** Opening Provided material block **
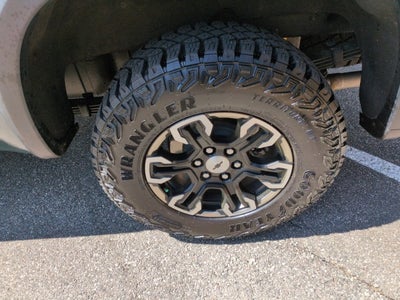 2025 Chevrolet Silverado 1500 ZR2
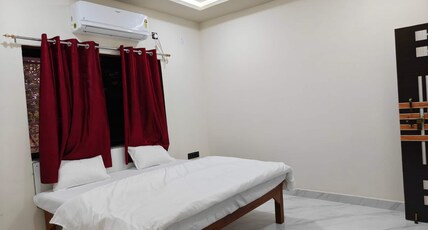Evergreen Home Stay Room Type - Bedroom 3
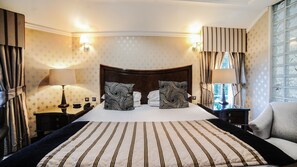 Premier Double Room | In-room safe, iron/ironing board, free WiFi, bed sheets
** Closing Provided material block **
### Exercise aim
The whole listing should be printed again exactly as written, images excluded.

### Result below
 2025 Chevrolet Silverado 1500 ZR2
Evergreen Home Stay Room Type - Bedroom 3
 Premier Double Room | In-room safe, iron/ironing board, free WiFi, bed sheets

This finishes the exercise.